Startup Marketing

Startup Marketing—forget marketing!

Internalize the following six concepts and set out your stall to incorporate them all in your startup marketing:stall

  1. Grab the audience’s imagination;
  2. Be abundantly clear and consistent;
  3. Remain concise in all your communication;
  4. Be bold enough to make a difference;
  5. Ensure your big idea is well supported;
  6. Call for an action from the audience.

Build community, not empire.

Marketing is not an activity, it is a company’s way of being.
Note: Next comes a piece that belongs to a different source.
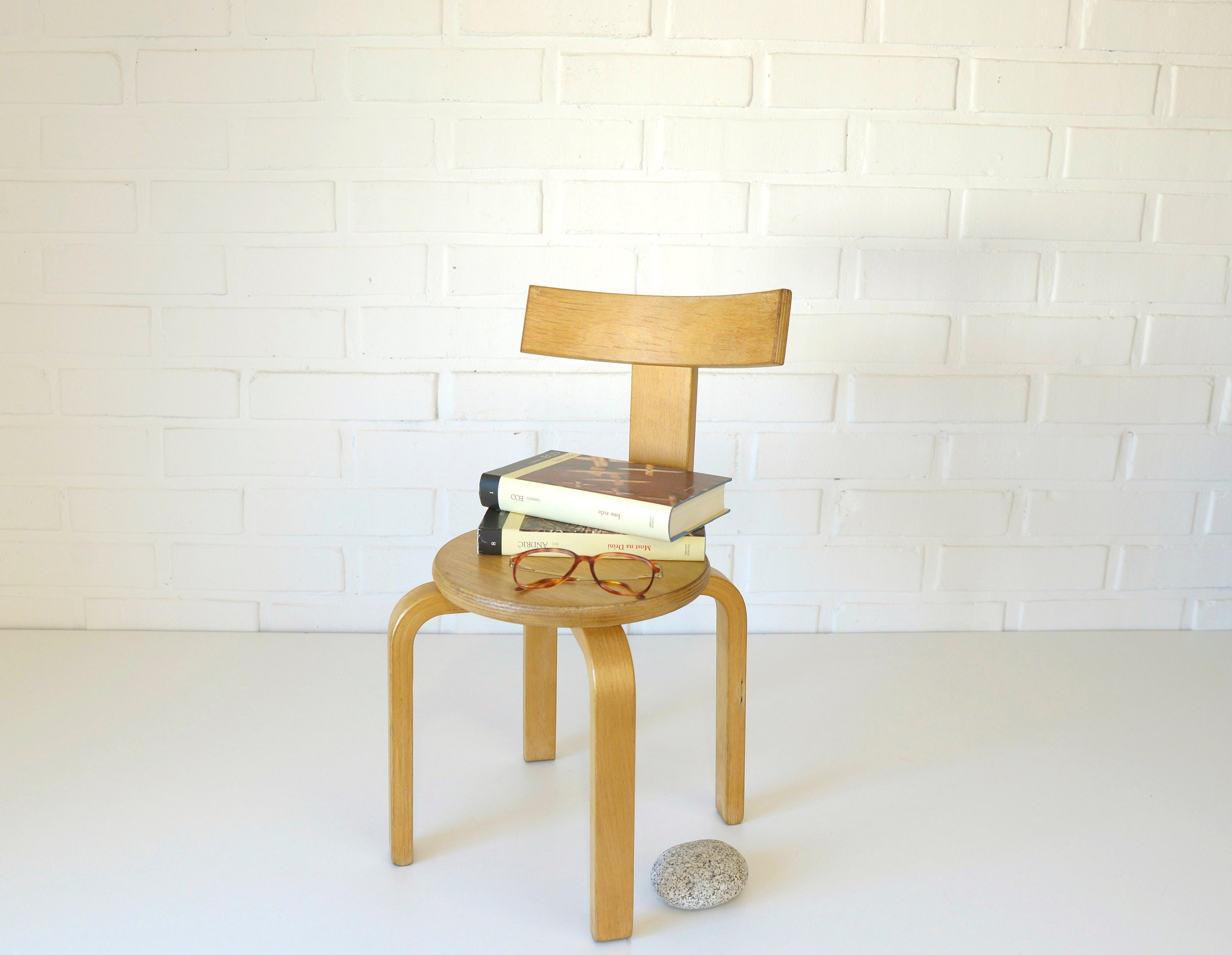 Vintage Wood Stool / Scandinavian Furniture / Toddler Chair / Alvar Aalto Style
Incidentally, I use Haiku Deck a lot: their vision is to make it 10x faster and easier to create presentations that are 10x more compelling. Presentation creation best practices are: 1 idea per slide, 1 powerful image that reinforces the idea, consistent formatting, and simple charts and graphs. There are two consequences of using Haiku Deck: (a) stunning presentations and (b) a way to really hone your story. It’s a way of ‘reverse engineering’ your marketing. And, the good thing is that Haiku Deck uses a freemium business model, so you can start for free, and/or migrate to the ‘pro’ version. 

New Marketing Mix

When I started in business in the 1960s, everyone talked about the ‘marketing mix’ and the 4 P’s. They were Product, Place, Price and Promotion. This classical notion has been rethought by three authors writing in the Harvard Business Review fifty years later. They suggest that we would be better thinking about the nemonic SAVE: Solution, Access, Value and Education, in place of the 4 P’s.

Instead of talking about the product and its features, they encourage us to think about what needs the product meet–in other words, thinking about the value proposition. Given that products can now be delivered through so many different channels, the concept of a fixed location where the product can be purchased, is outdated. Access brings the focus to the customer, away from the supplier.

Price is much less of a determinant of the purchasing decision than it once was. Consider how people want to purchase organic products, notwithstanding the additional cost, so value becomes much more critical in customer behavior. Promotion suggest that all the marketer has to do it present the product in the right way, buy the right means. Times have changed. Just consider the shopper checking out alternatives on the smart phone, while cruising the aisles of stores. Rather than promotion, pay more attention to education.

Make Meaning

Telling stories is about the most effective means of persuasion. They grab the listener’s emotions and you can build from there. I have published an ebook called Telling StartUp Stories: Keep the End in Mind. 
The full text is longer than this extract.